By Karl Cole, posted on May 8, 2026

The Republic of Venice was established as a Duchy of the Byzantine Empire in 697, and was nominally its own country until Napoleon conquered Italy in 1797, not long after Pietro Longhi’s passing. Longhi’s art reflects the wealth, sophistication, and up-to-date artistic aesthetics that Venice was home to for centuries.

 


This Day in History 8 May, 1785: Passing of painter Pietro Longhi (born 1702 Venice)

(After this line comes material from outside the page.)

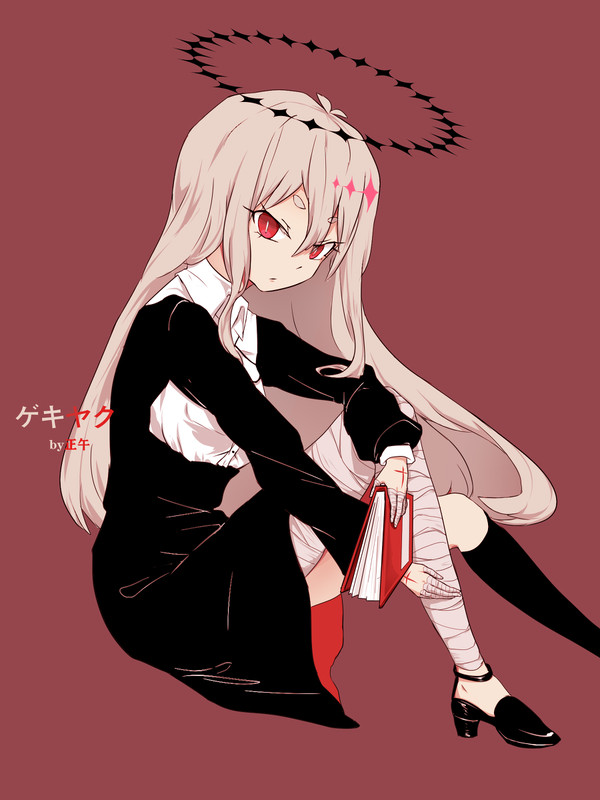 ゲキヤクちゃん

Painting by Pietro Longhi titled "Woman at her Toilette"
Pietro Longhi, Woman at Her Toilette, ca. 1740, oil on canvas, 56.9 x 43.9 cm  © 2026 Art Institute of Chicago (A6448)

 

Longhi's depiction of elegantly dressed wealthy people is worthy of French Rococo painting. The glittering elite are contrasted against a neutral background. Focusing on rich people fussing about their morning dress routine is an ironic artistic statement. It reflects the common dissatisfaction with the upper classes, a sentiment that, in some countries, built towards the democratic revolutions in the late 1700s.

Longhi's genre scenes typically feature elegantly dressed women as the central focus. In this toilette scene, they are dressed in the height of Rococo French fashion, with even the female toddler sporting the side hoops (paniers) in her skirt, with the waist-slimming stomacher in her bodice, while holding a fan. The woman completes her toilette by deciding which flowers to adorn her bosom with. The characters are inevitably generalized idealizations of fashionable young people with more emphasis on the elegance of the idle rich rather than specific individuals. Longhi's interiors also express the conceits of the wealthy in their fashionably appointed apartments. In this painting, he details the fad for anything Chinese or Japanese for the wealthy during the Rococo period in the Chinoiserie pattern of the wallpaper.

Background

While the paintings of the French Rococo celebrate the mindless frivolity of the ruling class, many artists of the 1700s, particularly in Britain and Italy, enjoyed using the visual language of the Rococo in subjects that focused on everyday life. This was particularly effective in works that pointed out the artificiality of social conventions among the wealthy, a reflection of Enlightenment ideals.

 Italy had no central court that guided the development of a distinctive Italian school of painting from Renaissance times on. Painting styles still varied from region to region oriented around major cities -- Florence, Rome, and Venice.

Pietro Longhi, born and based in Venice, originally trained as a history painter, but later studied under the genre painter Giovanni Maria Crespi (1665-1747). His genre subjects bear the influence of the French Rococo artist Nicolas Lancret (1690-1743), but, they also include elements of Dutch Baroque genre painting, a large collection of which existed in Venice at the time. He devoted himself to scenes of everyday life, and produced some portraits and landscapes.